- [What this task involves]: The answer is to be the lines below that lie between the line holding "Chokladpudding med kokos" and the line holding "ANSA/Flavia Mazza", inclusive, transcribed exactly and free of pictures.

- [Information shown]:
++++++++++
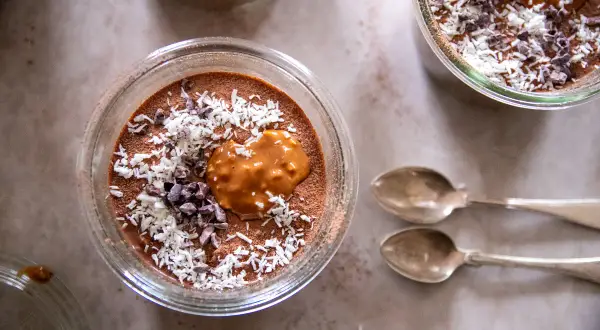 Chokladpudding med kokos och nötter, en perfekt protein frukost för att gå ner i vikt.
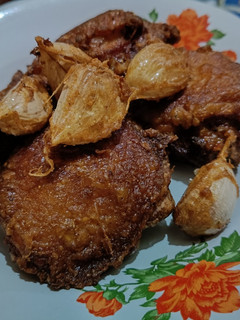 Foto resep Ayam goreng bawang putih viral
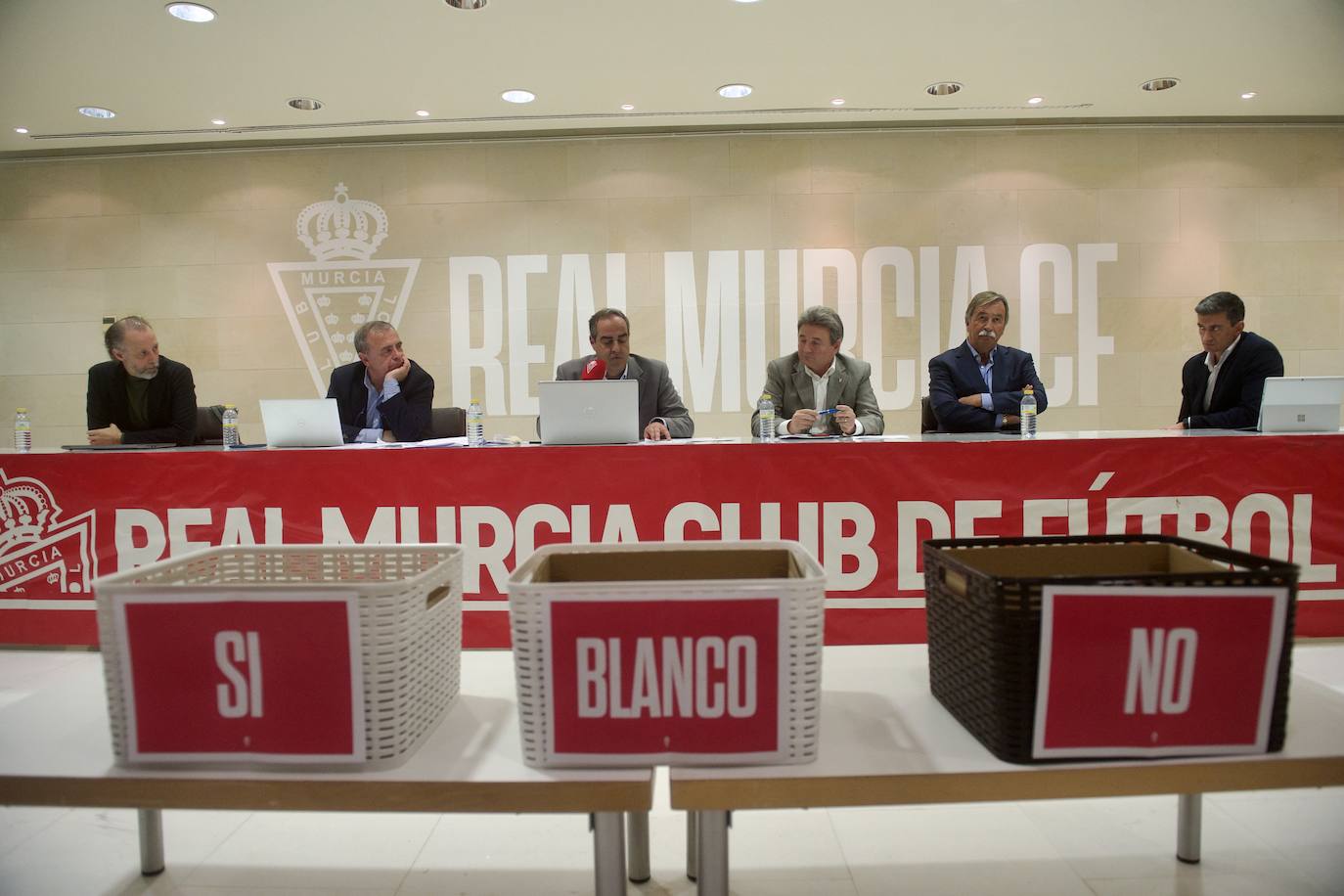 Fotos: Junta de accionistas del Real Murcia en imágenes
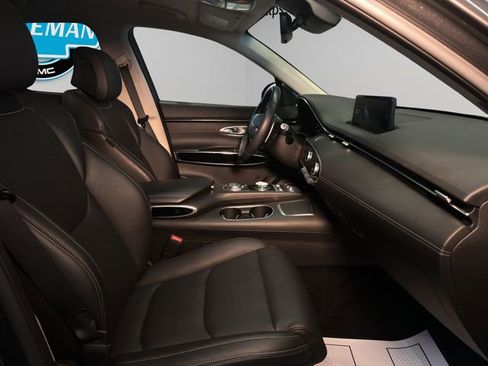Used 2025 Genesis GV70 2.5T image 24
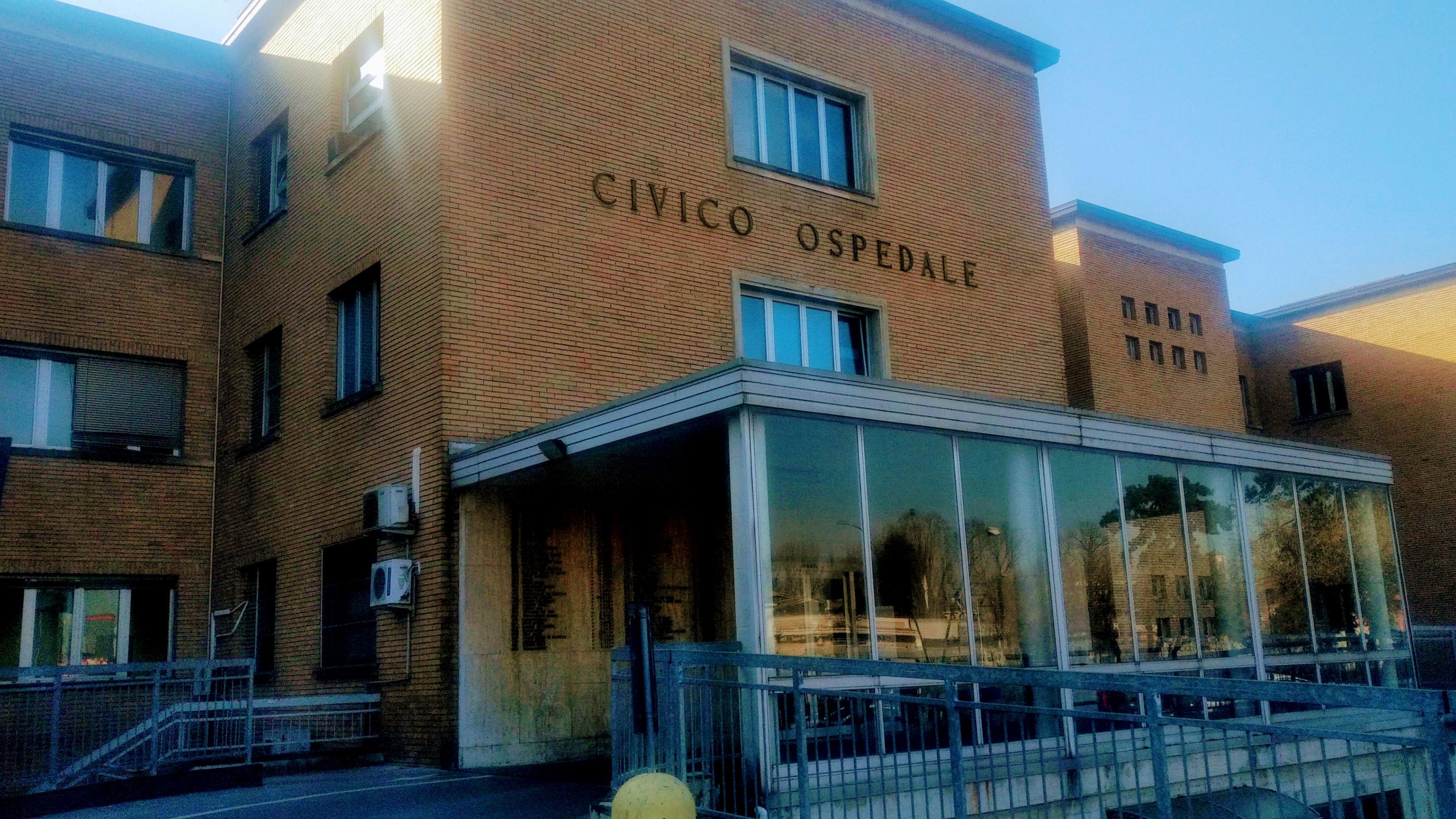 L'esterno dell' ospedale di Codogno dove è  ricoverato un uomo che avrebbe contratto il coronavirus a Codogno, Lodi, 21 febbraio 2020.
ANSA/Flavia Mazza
++++++++++
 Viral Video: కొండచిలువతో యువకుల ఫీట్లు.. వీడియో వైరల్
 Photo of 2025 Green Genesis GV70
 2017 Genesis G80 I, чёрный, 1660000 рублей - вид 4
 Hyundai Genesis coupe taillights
++++++++++
- [Answer to the exercise]:
 Chokladpudding med kokos och nötter, en perfekt protein frukost för att gå ner i vikt.
 Foto resep Ayam goreng bawang putih viral
 Fotos: Junta de accionistas del Real Murcia en imágenes
Used 2025 Genesis GV70 2.5T image 24
 L'esterno dell' ospedale di Codogno dove è  ricoverato un uomo che avrebbe contratto il coronavirus a Codogno, Lodi, 21 febbraio 2020.
ANSA/Flavia Mazza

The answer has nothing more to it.